Прошло тринадцать лет, с тех пор как я начала эти записи. Судьба так резко меня притормозила - а может, наоборот, ускорила все события - или просто нагромоздила их в далеко не художественном порядке, так что мне было не до размышлений и воспоминаний.
Итак, прошло тринадцать лет, и живу я ( не «мы»,а я уже одна) не в Тушино, а в Ховрино, в районе Речного вокзала, а между этим была небольная отсидка в Выхино, оставившая неприятные воспоминания- бр-р-р…, как будто съела чего-нибудь несвежего.
И тогда, т. е. тринадцать лет назад мною двигало желание пробежаться памятью, пока она еще со мной по нескладной жизни, исключительно для себя, ну может быть немного для Настеньки, внучки, только в ней я увидела интерес к жизни предков со стороны отца.
Наверно от того, что с родным отцом, моим сыном, ей жить не пришлось, родители разбежались почти сразу после рождения, была для нее в этой стороне жизни какая-то неизвестность, недосказанность, может что-то хотела для себя понять.
Между делом я без видимой причины приобрела с годами такое неудобство для жизни как клаустрофобия.
Даже отдавалась в руки психоаналитика, молодой женщины, пытавшейся найти истоки этой странности , изрядно портившей мне существование в мире, где нельзя обойтись без лифтов, перелетов, переплавов и т.д и т.п. .
До истерики и слез она все-таки меня довела, чем была несказанно почему-то довольна и объявила,что на проглядываемом участке жизненного пути объяснению случившемуся нет и что причину надо искать в еще более раннем возрасте, куда пока нам с ней доступа нет..
Удивительно, как это некоторые уверяют, что помнят себя чуть ли не с пеленок.
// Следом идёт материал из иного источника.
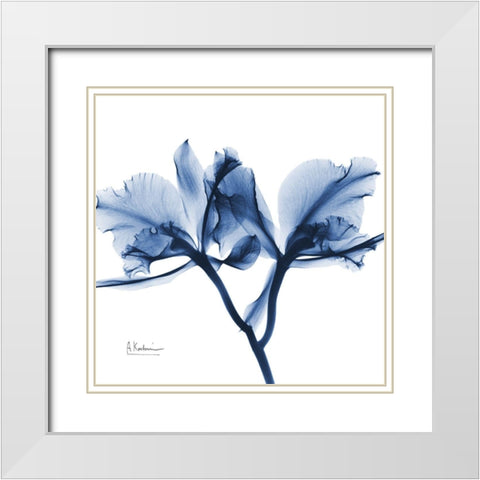 Indigo Orchid White Modern Wood Framed Art Print with Double Matting by Koetsier, Albert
Упомянутый женщина-психоаналитик с грехом пополам довела меня « по волнам моей памяти» лет до пяти. Дальше хоть убей – провал, так, какие-то разрозненные куски
Разве что могла прояснить мама, она еще была жива…
Но спрашивать ее об этом как-то было недосуг, она была не рядом, а за три тысячи километров. В общем, мне пришлось приспособиться к моей клаустрофобии.
Поднимаюсь по лестничным маршам до 17 этажа - одна моя знакомая в Митино живет именно на семнадцатом,- смешно, когда я в первый к ней пошла в гости, я только на 17 этаже поняла, что перепутала подъезд- так что 34 этажа для меня это даже запросто!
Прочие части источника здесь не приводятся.